The 1st Youth in Film Awards ceremony (now known as the Young Artist Awards), presented by the Youth in Film Association, honored outstanding youth performers in the fields of film, television and music for the 1978–1979 season, and took place in October 1979 at the Sheraton Universal Hotel in Universal City, California.

Established in 1978 by long-standing Hollywood Foreign Press Association member, Maureen Dragone, the Youth in Film Association was the first organization to establish an awards ceremony specifically set to recognize and award the contributions of performers under the age of 21 in the fields of film, television, theater and music.
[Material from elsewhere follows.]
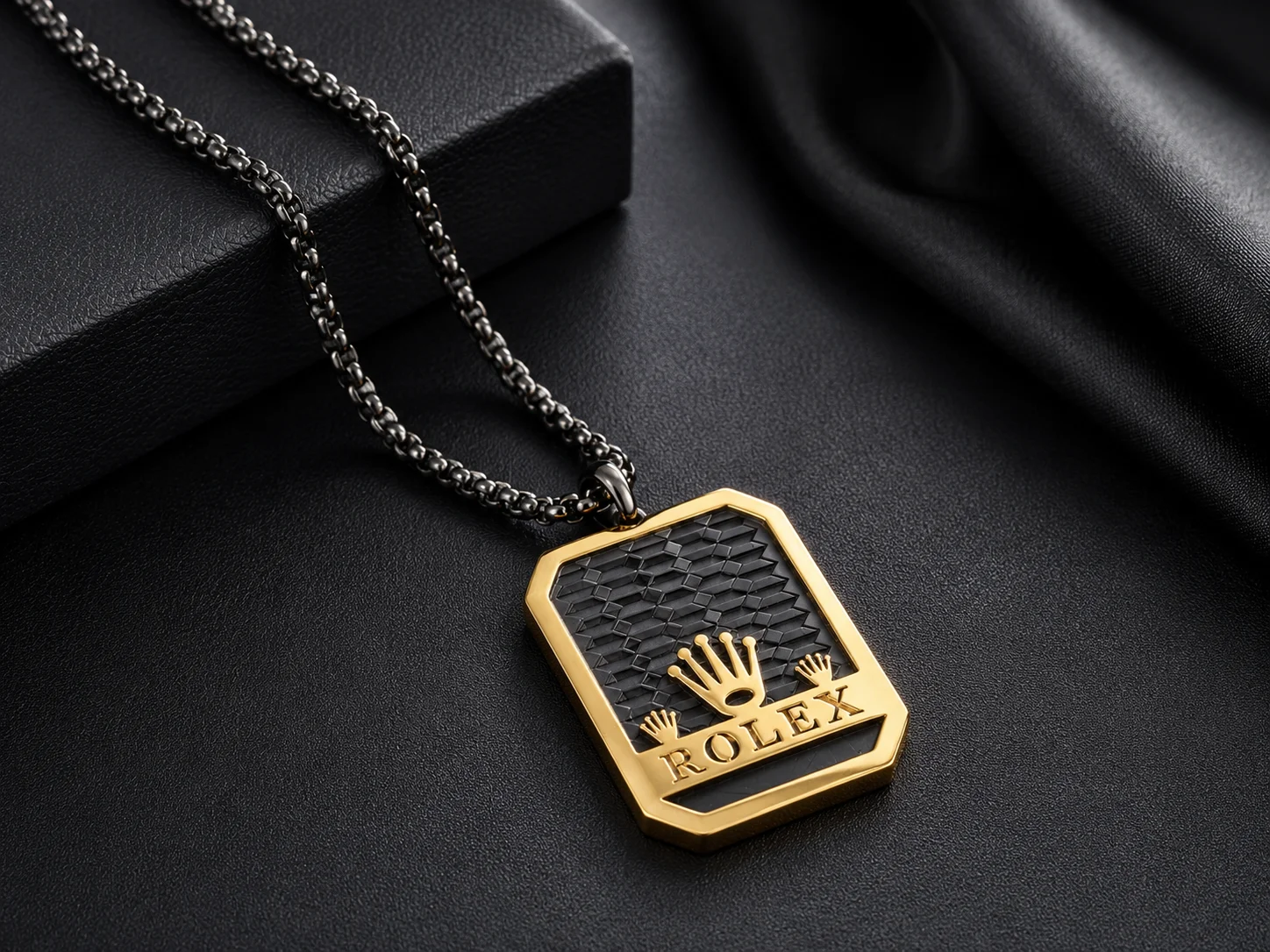 Luxury Black & Gold Pendant Locket for Men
Although the Youth in Film Awards were conceived as a way to primarily recognize youth performers under the age of 18, the eldest winner in a competitive category at the 1st annual ceremony was Dennis Christopher who was 23 years old on the night he won as Best Juvenile Actor in a Motion Picture for his performance in Breaking Away.

Categories
★ Bold indicates the winner in each category.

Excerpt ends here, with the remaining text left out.